Image-caption web data
'''

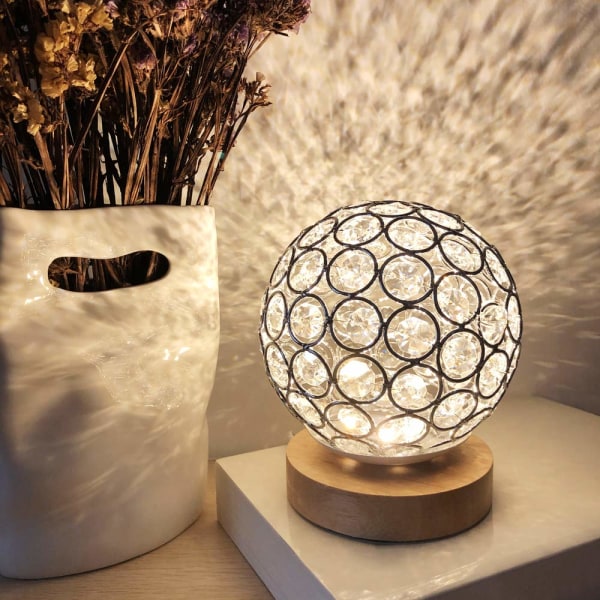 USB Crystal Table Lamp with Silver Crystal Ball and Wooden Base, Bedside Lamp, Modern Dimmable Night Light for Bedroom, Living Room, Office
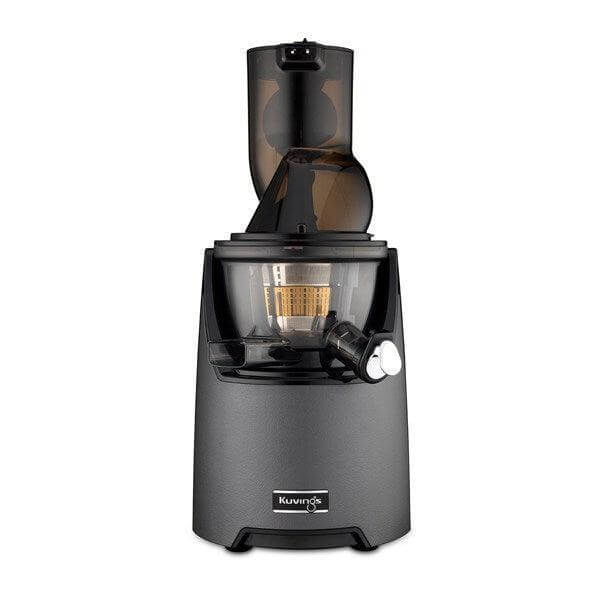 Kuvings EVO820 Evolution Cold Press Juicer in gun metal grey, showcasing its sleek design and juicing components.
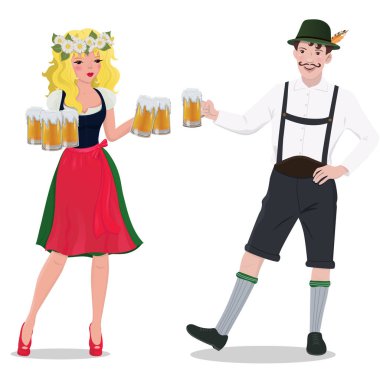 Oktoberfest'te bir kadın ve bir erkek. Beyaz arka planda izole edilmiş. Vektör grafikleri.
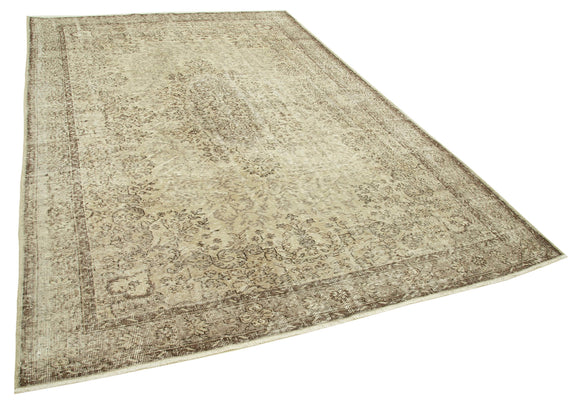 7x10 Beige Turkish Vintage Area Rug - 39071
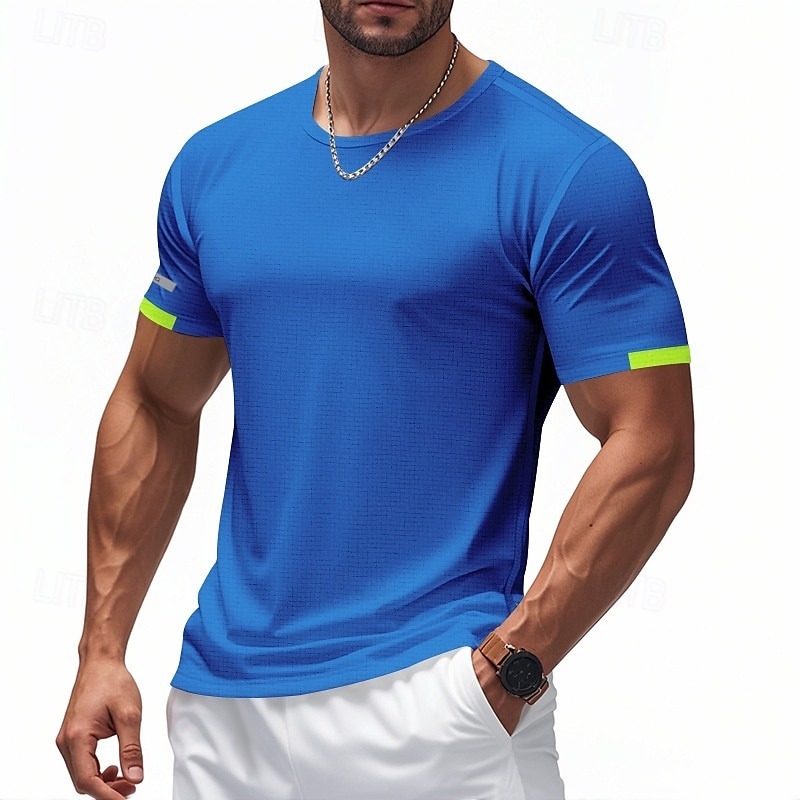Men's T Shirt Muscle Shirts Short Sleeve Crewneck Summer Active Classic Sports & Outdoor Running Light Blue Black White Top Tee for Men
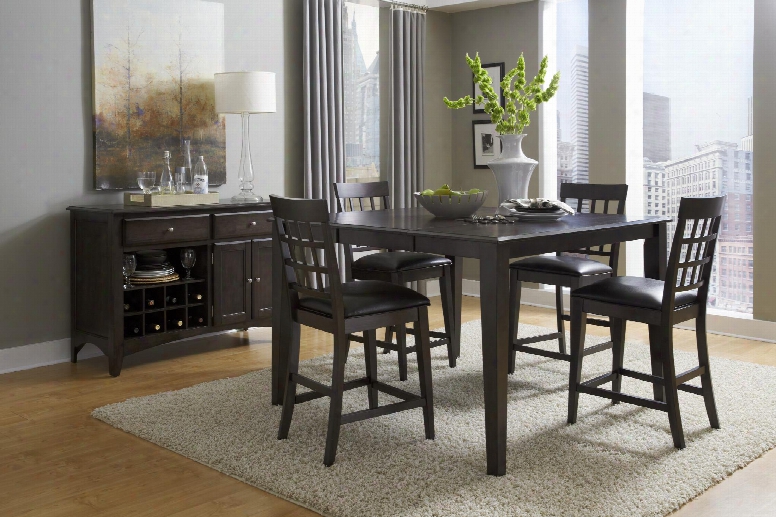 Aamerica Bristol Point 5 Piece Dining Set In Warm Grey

'''

Problem description:
Restate word for word the lines that begin at the one containing "7x10 Beige Turkish Vintage Area Rug - 39071" and end with the final line of the records. Pictures stay out.

Task response:
 7x10 Beige Turkish Vintage Area Rug - 39071
Men's T Shirt Muscle Shirts Short Sleeve Crewneck Summer Active Classic Sports & Outdoor Running Light Blue Black White Top Tee for Men
 Aamerica Bristol Point 5 Piece Dining Set In Warm Grey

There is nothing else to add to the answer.